Right after a forest is clear-cut, hare numbers drop to zero, Krohn says, but after about 15 years, conifers have begun growing back, and hares have started to return. A 20- to 30-year-old clear-cut will harbor two hares per hectare (2.47 acres). "In mature forest, you'd have only 0.2 hares per hectare," Krohn says.
Northern Maine has been especially good for lynx since the forestry industry clear-cut large areas there within the past 30 years in response to an infestation of spruce budworm. The clear-cuts have given snowshoe hares and lynx about six and a half million acres of suitable habitat--an area roughly the size of Massachusetts. (This rapid regeneration and its effects on lynx and hares may not hold true in the more arid West. In Maine, with plentiful rain and snow, new growth "comes up like dog hair," Krohn says.)

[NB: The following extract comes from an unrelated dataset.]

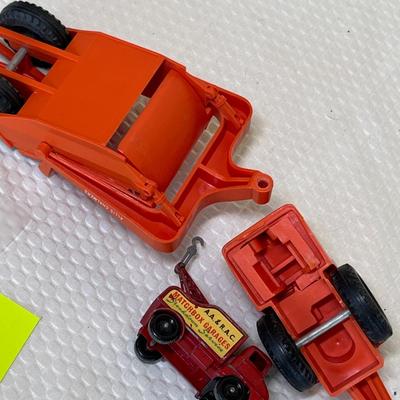 Allis Chalmers land scraper & Matchbox tow truck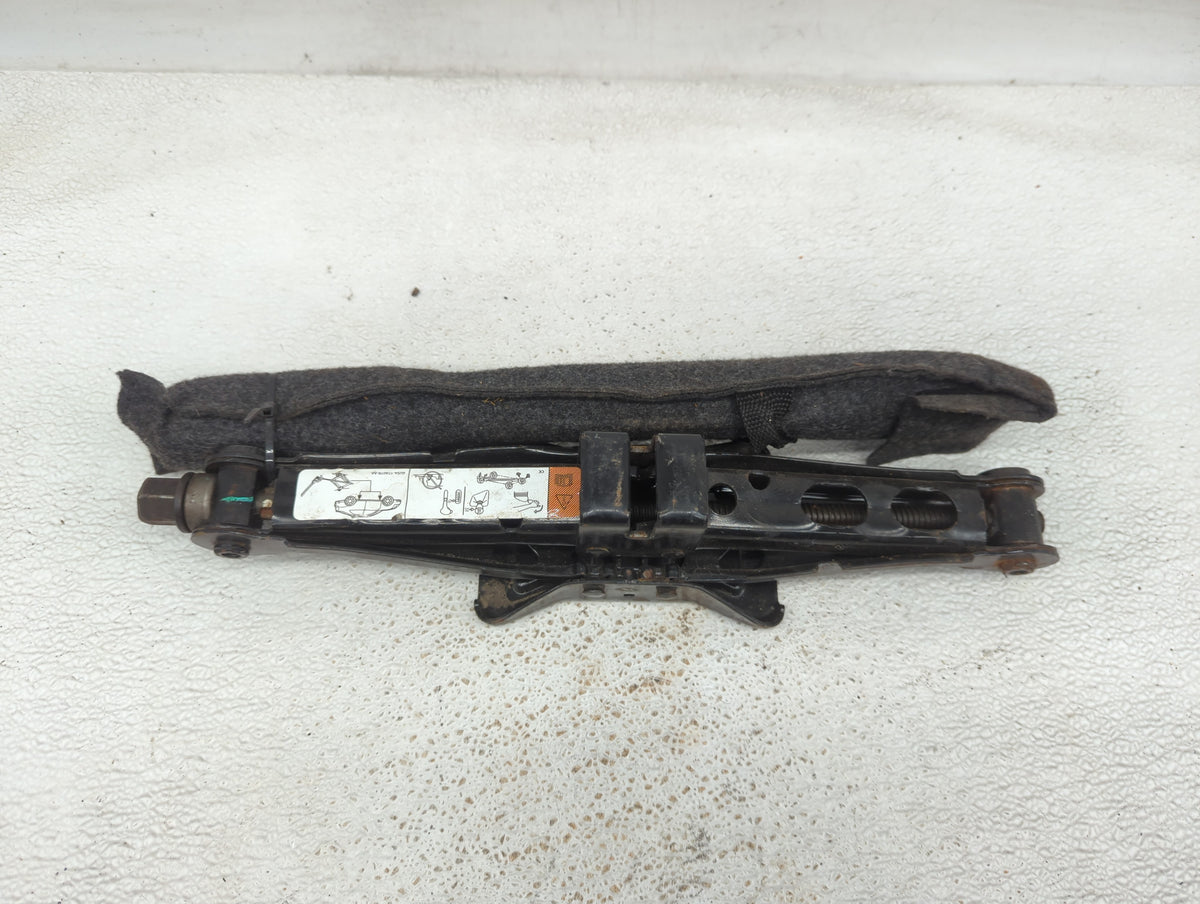 Ford Fusion Spare Scissor Car Jack 920168 - Oemusedautoparts1.com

However beneficial recovering forest may be for Maine's lynx and snowshoe hares, many of the state's human residents loathe large clear-cuts. "With all the clear-cutting that occurred in the seventies and eighties, the public really reacted negatively to it," Krohn says. In response to public chagrin at forests cut to the ground across thousands of acres, the state legislature enacted the Forest Practices Act of 1989, limiting clear-cuts to 250 acres. This law revolutionized logging in Maine. The year it was passed, timber companies clear-cut about 150,000 acres, some 45 percent of land logged that year. Partial harvest, in which trees are removed selectively, accounted for 55 percent of cuts. Ten years later, clear-cuts were only 3 percent and partial harvest was 96 percent.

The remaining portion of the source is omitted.